● **DATA FOR THIS TASK**

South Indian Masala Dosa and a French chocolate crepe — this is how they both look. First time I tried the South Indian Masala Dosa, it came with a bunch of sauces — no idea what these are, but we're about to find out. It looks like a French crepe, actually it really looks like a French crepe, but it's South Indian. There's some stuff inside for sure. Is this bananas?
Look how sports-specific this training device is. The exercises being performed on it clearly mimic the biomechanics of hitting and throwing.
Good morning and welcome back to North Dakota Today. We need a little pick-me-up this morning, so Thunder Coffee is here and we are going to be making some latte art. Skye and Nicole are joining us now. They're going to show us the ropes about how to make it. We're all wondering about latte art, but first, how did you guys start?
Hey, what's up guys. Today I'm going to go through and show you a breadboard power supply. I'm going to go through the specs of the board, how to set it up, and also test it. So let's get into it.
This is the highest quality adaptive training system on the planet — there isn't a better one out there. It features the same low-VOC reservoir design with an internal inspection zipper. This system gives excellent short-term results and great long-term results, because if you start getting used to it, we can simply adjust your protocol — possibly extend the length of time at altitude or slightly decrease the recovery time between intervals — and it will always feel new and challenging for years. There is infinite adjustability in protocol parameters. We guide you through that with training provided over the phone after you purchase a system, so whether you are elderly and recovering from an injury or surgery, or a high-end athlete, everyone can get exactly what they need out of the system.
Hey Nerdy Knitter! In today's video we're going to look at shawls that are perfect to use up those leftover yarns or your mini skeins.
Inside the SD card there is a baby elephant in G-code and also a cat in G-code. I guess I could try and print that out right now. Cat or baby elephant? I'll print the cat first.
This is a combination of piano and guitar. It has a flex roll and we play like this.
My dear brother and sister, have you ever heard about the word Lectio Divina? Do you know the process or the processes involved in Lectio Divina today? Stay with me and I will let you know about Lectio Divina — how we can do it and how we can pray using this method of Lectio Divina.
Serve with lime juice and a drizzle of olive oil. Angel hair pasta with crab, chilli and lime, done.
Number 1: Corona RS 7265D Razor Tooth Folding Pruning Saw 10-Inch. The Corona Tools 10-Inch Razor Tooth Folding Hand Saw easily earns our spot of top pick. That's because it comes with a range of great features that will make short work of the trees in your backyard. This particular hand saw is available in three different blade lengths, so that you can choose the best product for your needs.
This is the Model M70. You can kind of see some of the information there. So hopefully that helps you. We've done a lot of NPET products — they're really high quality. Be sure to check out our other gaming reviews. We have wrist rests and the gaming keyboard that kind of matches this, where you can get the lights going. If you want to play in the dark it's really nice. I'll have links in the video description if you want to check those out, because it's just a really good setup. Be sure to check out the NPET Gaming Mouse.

● **TASK STATEMENT**
Examine the records and report how many lines contain the string "about". Only the number should be given.

● **RESPONSE TO THE TASK**
3